Image-text web data
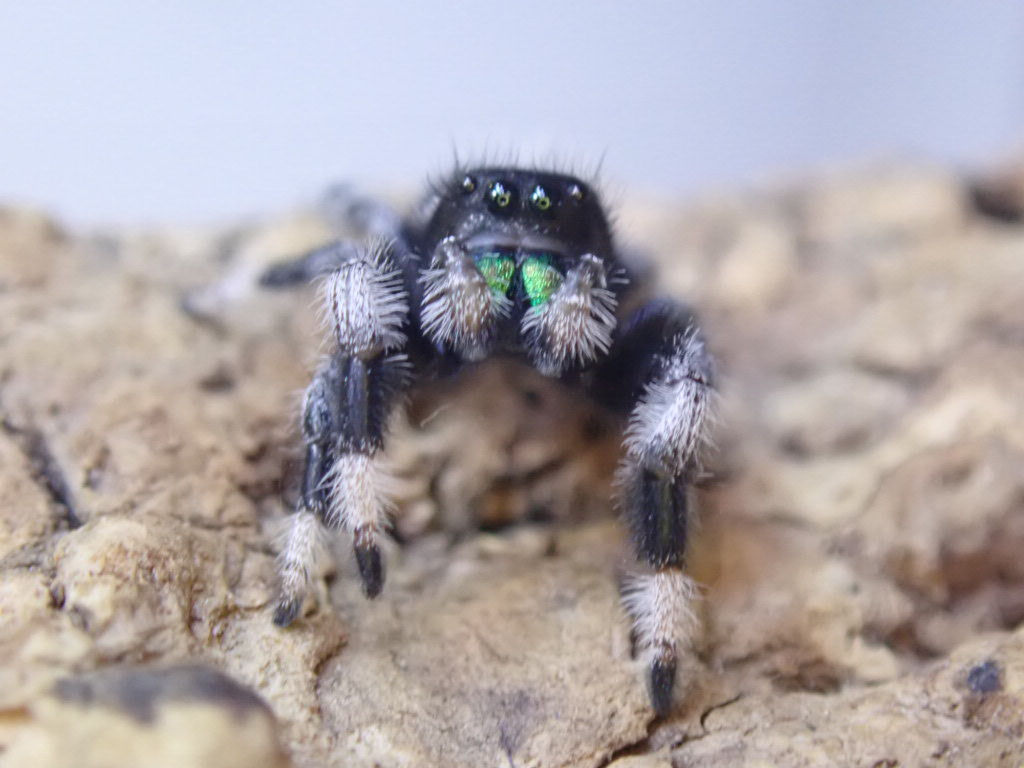 Gorgeous Phidippus regius Isla Juventud Antile males 10 mm +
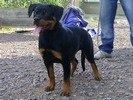 Ombra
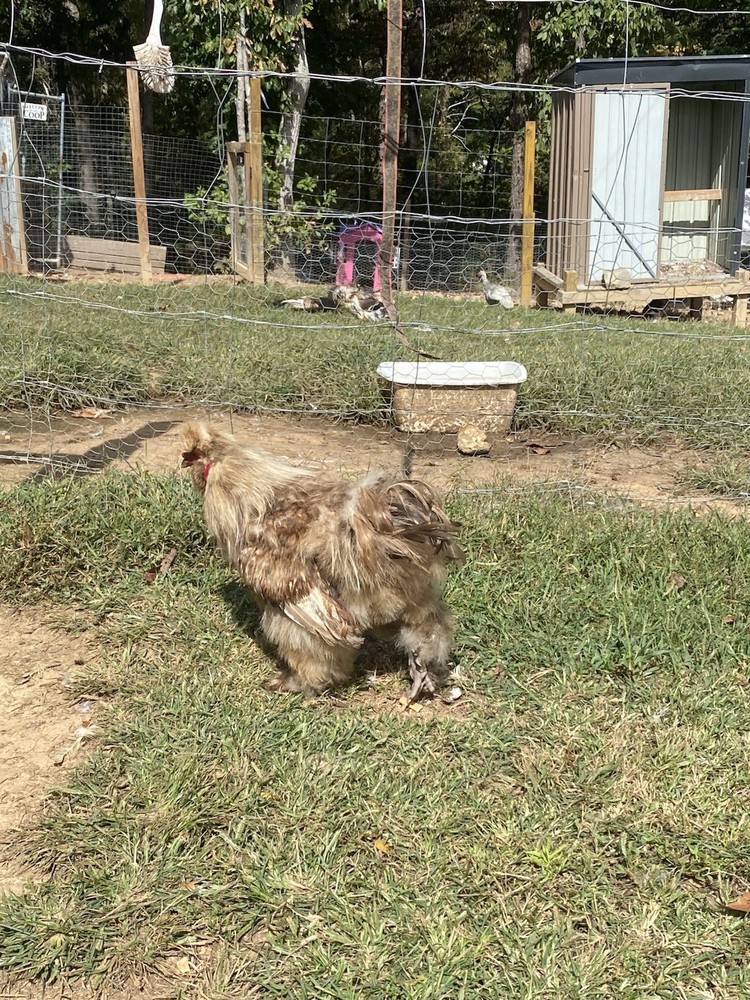 12 Bearded Silkie Hatching Eggs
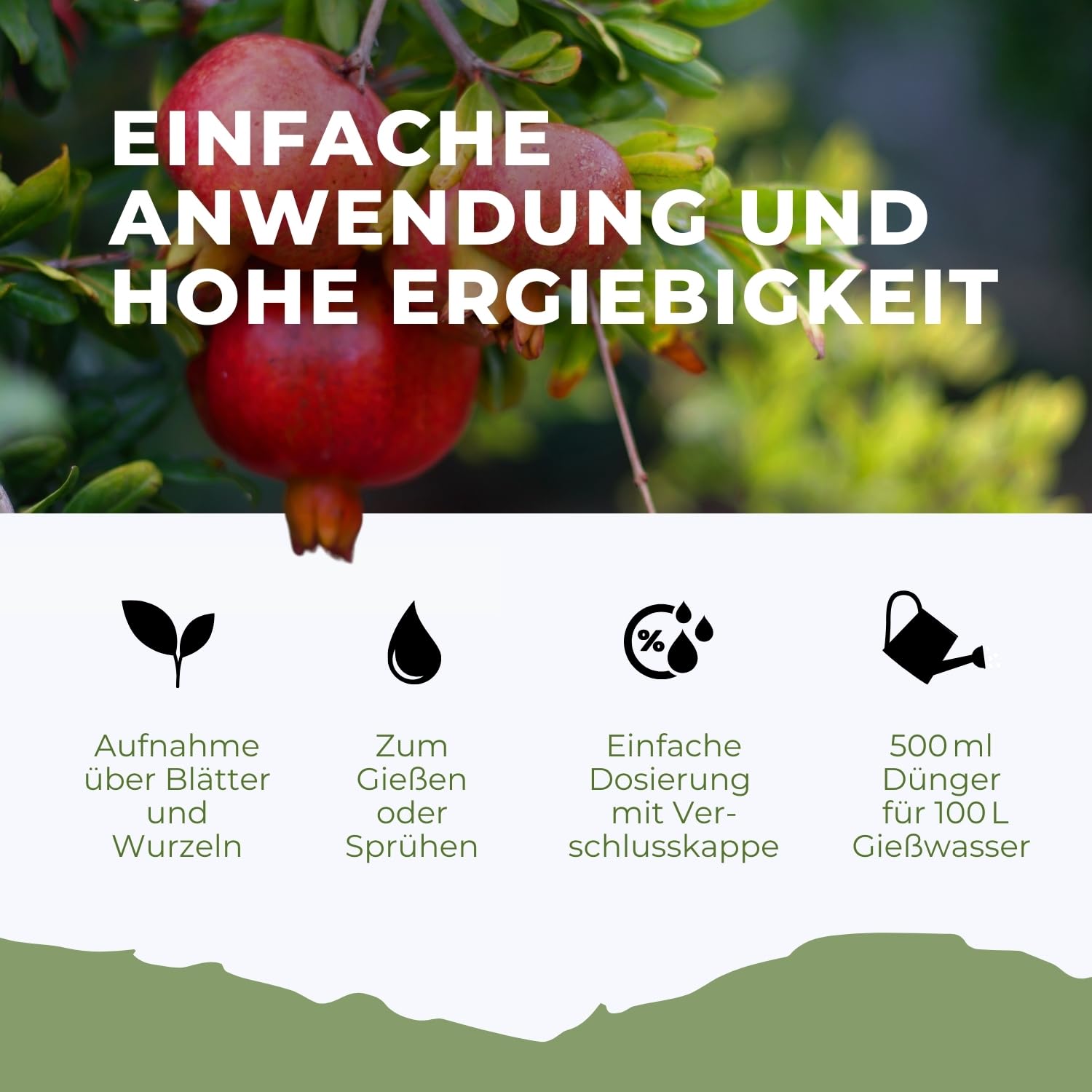 Flora Boost Granatapfelbaum Dünger 5000ml - Für bis zu 1000L Gießwasser - Obstbaum Dünger für Granatapfel Pflanzen - Flüssiger Blatt- & Wurzeldünger - 100% natürlicher Pflanzendünger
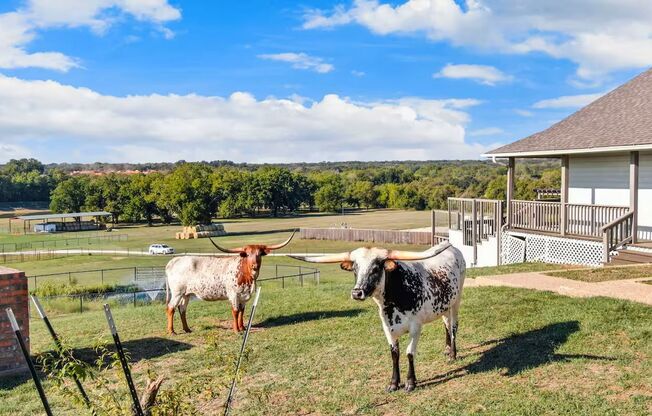 Alvarado Ranch W/ Private Pool & Fenced-In Longhorns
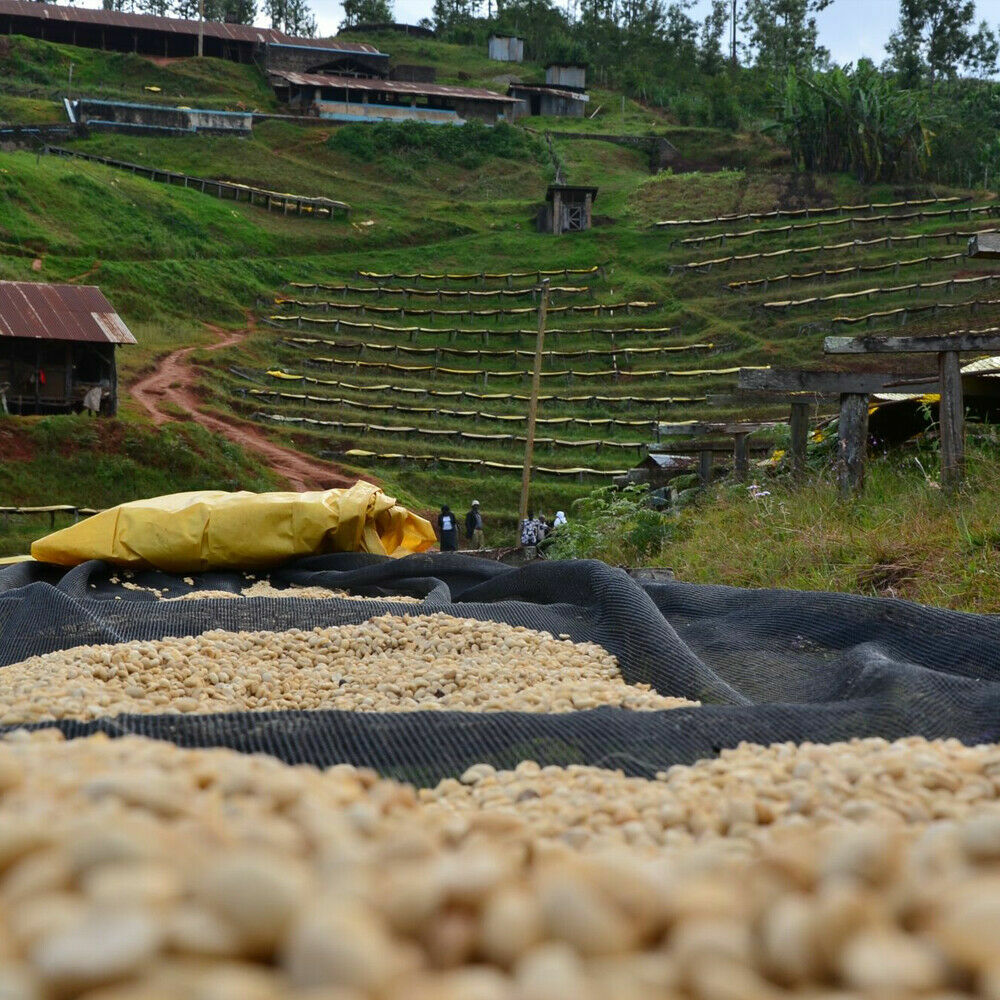 RWANDA COFFEE BEANS MEDIUM ROASTED 2 POUNDS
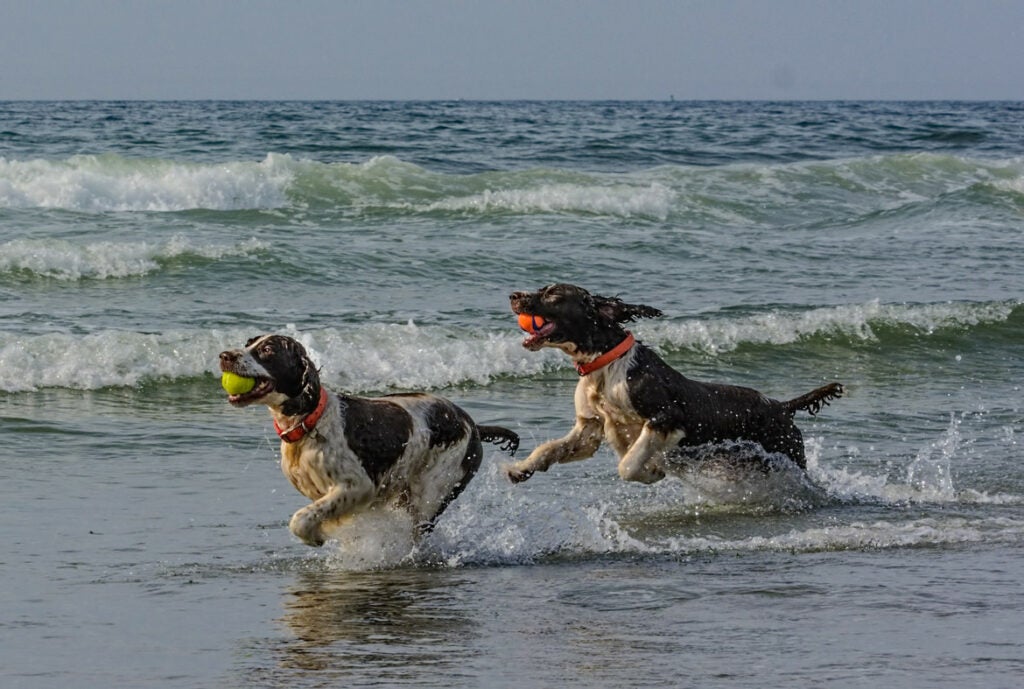 Happy Day at the Beach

**Task statement**
Each record above is to be restated exactly, with its pictures removed from the copy.

**Result**
 Gorgeous Phidippus regius Isla Juventud Antile males 10 mm +
 Ombra
 12 Bearded Silkie Hatching Eggs
 Flora Boost Granatapfelbaum Dünger 5000ml - Für bis zu 1000L Gießwasser - Obstbaum Dünger für Granatapfel Pflanzen - Flüssiger Blatt- & Wurzeldünger - 100% natürlicher Pflanzendünger
 Alvarado Ranch W/ Private Pool & Fenced-In Longhorns
 RWANDA COFFEE BEANS MEDIUM ROASTED 2 POUNDS
 Happy Day at the Beach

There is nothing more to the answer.